D'altra parte, se prevalesse il modello informativo «neutro», nel senso di perfettamente esportabile e verificabile, lo strumento proprietario dovrebbe differenziarsi per prestazioni aggiuntive e, comunque, al centro dell'attenzione avremmo sempre più i Dati, sempre meno i Documenti.
Se, entro certi limiti, tutto ciò è relativamente prossimo sotto il profilo tecnologico, assai di meno lo è sotto quello culturale, poiché attori cooperativi, dialogici e interattivi, capaci di interferire attraverso le analitiche dei dati non paiono, come ribadito, davvero essere facilmente rintracciabili sul mercato in queste generazioni, né l'Accademia, così come altri, pare veramente andare oltre la formazione di operatori strumentali, più che non attrezzati.
Potrà l'affidamento degli strumenti essere sufficiente senza una evoluzione dei quadri contrattuali, dei contesti organizzativi e degli apparati culturali?
La risposta sarebbe totalmente positiva solo a condizione di asserire che tutto questo potrebbe essere permesso dalla scomparsa del lavoro umano...
Fuori da paradossi, l'elemento che affascina maggiormente, nella ricerca delle modalità di disseminazione capillare del BIM, non può che consistere nella contraddizione tra un gruppo relativamente ristretto di «innovatori» (specialmente, ma non solo, nelle realtà professionali più aperte ai mercati internazionali: in quanto il BIM è ancora percepito in connessione al progetto e al professionista) e una platea allargata  recalcitrante agli investimenti strumentali, agli accorpamenti societari, ai processi sistematici.
È difficile per queste moltitudini di micro organizzazioni poter andare oltre «lo» strumento (giacché se ve ne fossero diversi, la situazione diverrebbe intollerabile), poterne afferrare la portata (non a caso si parla di esenzione, non di adozione).
Sarebbe inopportuno esercitare pronostici che non tengano conto della celerità della penetrazione della tecnologia e dello strumento: ma che accadrebbe se, da domani, il «BIM» divenisse «obbligatorio»?
L'unico modo per misurarne la adozione sarebbe la verifica del possesso di licenze per applicativi informatici, ma è noto che si tratti di un indicatore poco rilevante per comprenderne l'effettivo utilizzo, oltre che per restituire il significato della Trasformazione Digitale.
Il tema, allora, riguarda le condizioni per cui un tema pervasivo e sistemico possa essere considerato come tale da Domanda e Offerta che lo affrontano, invece, come circoscritto e puntuale.

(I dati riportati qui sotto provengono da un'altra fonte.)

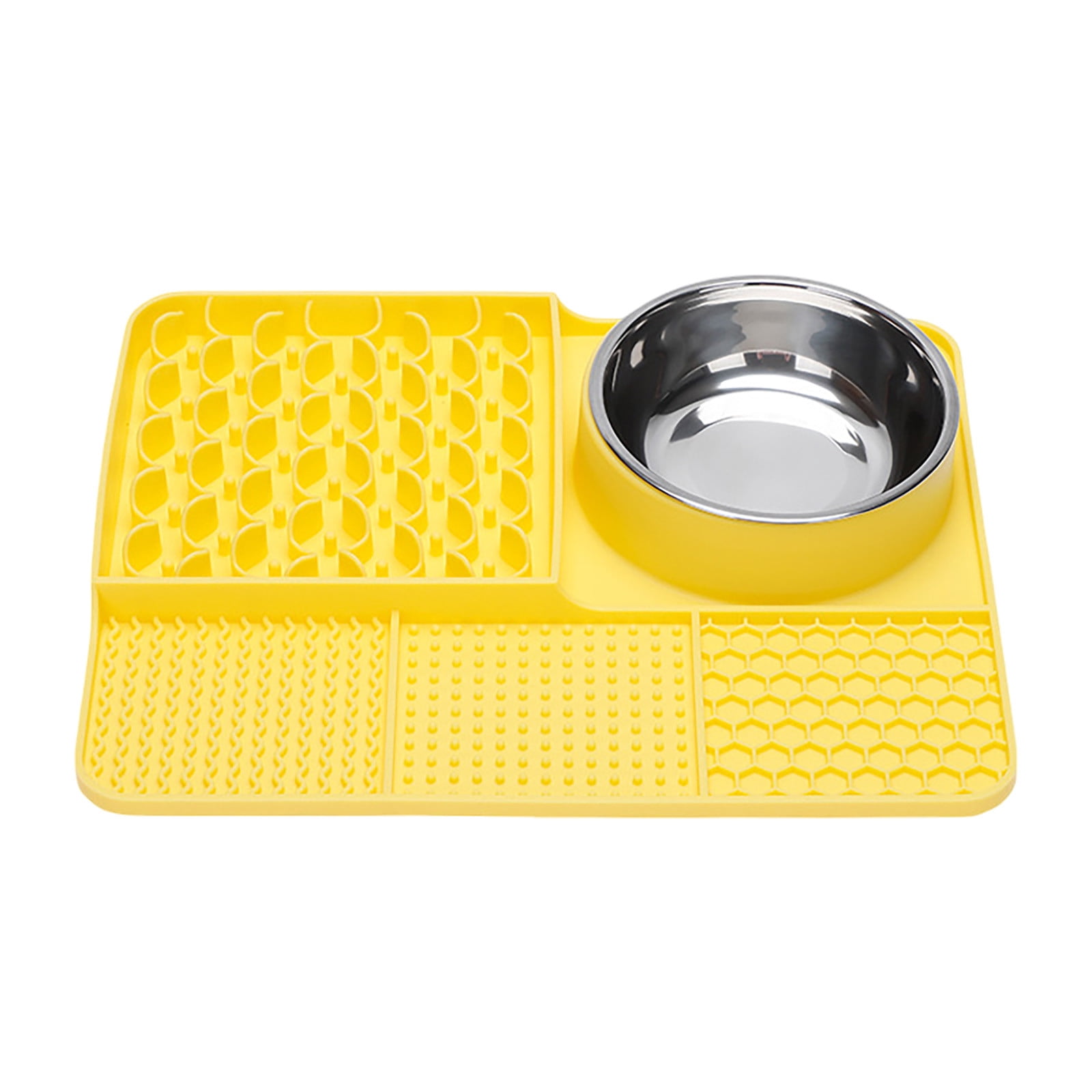 Licking Pad 5âInâ1 Silicone Slow Feeding Mat Suction Cup Antiâ Feeder Detachable Stainless Steel Bowl StressâRelief Set For Cats Dogs Puppies Daily Use 13.0 x 9.8 in Yellow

Nei prossimi due o tre anni il «BIM» dovrebbe costituire una emergenza, nel senso di un tema fondante che coinvolge la maggior parte degli operatori.
Dopodiché esso sarà rapidamente assimilato e derubricato a un affare risolto: scansato, neutralizzato o interiorizzato? Si tratta di attribuzioni non così diverse della medesima nozione di obbligatorietà.